Gra skłania do eksploracji, niestety nie znajdziemy tam mapy - można co prawda bez niej grać, ale moim zdaniem zdecydowanie lepiej się w nią wyposażyć , bo naprawdę można się zgubić - cała mapa gry jest bardzo rozległa, a miejscówki na danej "planszy" bardzo do siebie podobne, więc nietrudno o pomylenie drogi. Poza tym ukrycie niektórych ulepszeń energii czy rakiet jest prawie niemożliwe do odnalezienia samemu, bez opisu. Jakby tego było mało w grze jest cała masa tajemnych przejść, których znalezienie jest bardzo trudne, więc w przypadku tej gry dobra mapa to moim zdaniem podstawa - bez tego nawet bym nie zaczynał rozgrywki, ale co kto lubi. Ja początkowo grałem sam - bez żadnych opisów i map, ale po jakimś czasie i długim błądzeniu stwierdziłem, że to nie ma sensu, bo to oldschoolowa gra z otwartym światem i eksploracja nie jest tak łatwa jak w nowszych tytułach.
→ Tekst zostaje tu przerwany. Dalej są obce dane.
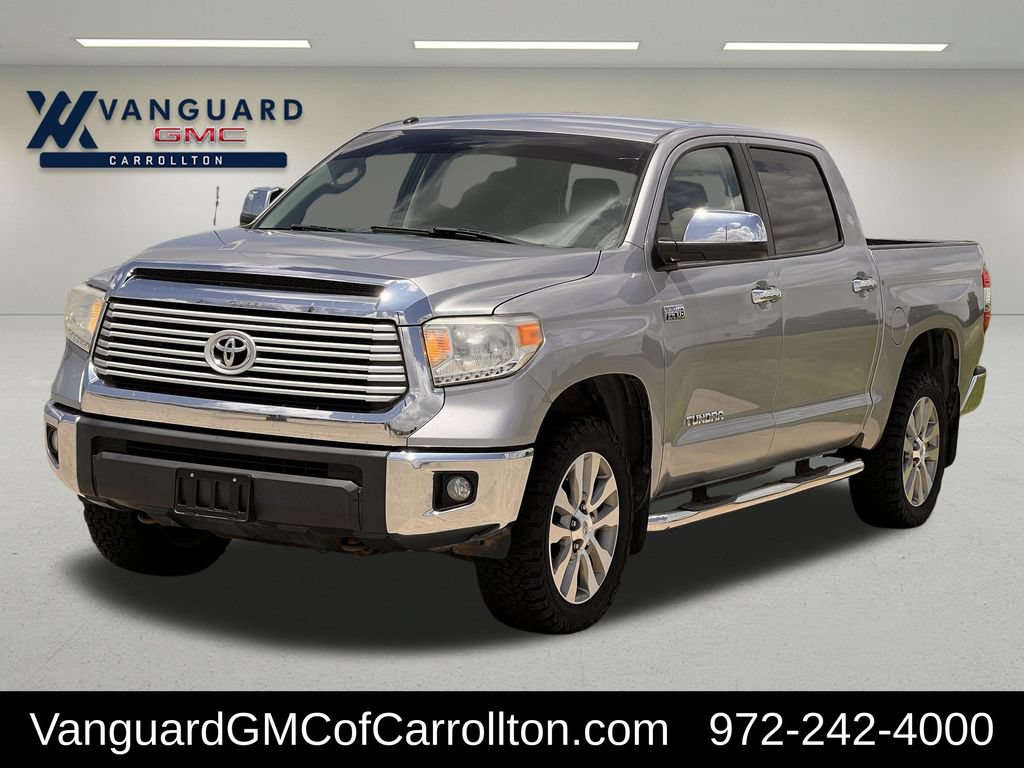 Used 2015 Toyota Tundra Limited AWD/4WD image 8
Korzystałem z tej mapy: http://metroid.retropixel.net/games/metroid/metroid_map.jpg

Oraz z opisu: http://strategywiki.org/wiki/Metroid/Brinstar

Obydwa pomogły mi w przejściu gry - przyznam, że bez nich czas przejścia byłby o wiele, wiele dłuższy i nawet nie wiem czy dałbym radę pokonać ostatniego bossa. Grę ukończyłem w 5.5 godziny, więc całkiem sporo. Jeśli chodzi o oprawę dźwiękową to jest dobra, najbardziej podobały mi się utwory muzyczne bardzo pasujące do samotnego przemierzania wrogich lokacji. Najbardziej podobał mi się niesamowicie klimatyczny kawałek w kryjówce jednego z bossów - Kraida.
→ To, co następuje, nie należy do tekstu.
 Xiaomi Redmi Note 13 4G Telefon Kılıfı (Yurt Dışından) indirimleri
Utwór w pięknej aranżacji możecie sprawdzić poniżej:

Ten sam utwór w grze brzmi nieco inaczej, ale sama melodia jest taka sama i od razu wpadła mi w ucho.

Metroida przechodziłem na konsoli NES Mini, gra wygląda tam bardzo dobrze i dzięki temu, że konsola podłączona jest kablem HDMI obraz jest bardzo czysty i wyraźny. Jeśli chodzi o animacje to w niektórych miejscach gdzie jest większa ilość przeciwników gra konkretnie zwalniała, czasami wyglądało to jak swoisty bullet-time. Tak jak pisałem - na NES Mini bardzo cieszy możliwość zapisu stanu gry w dowolnej chwili - to bardzo ułatwia rozgrywkę.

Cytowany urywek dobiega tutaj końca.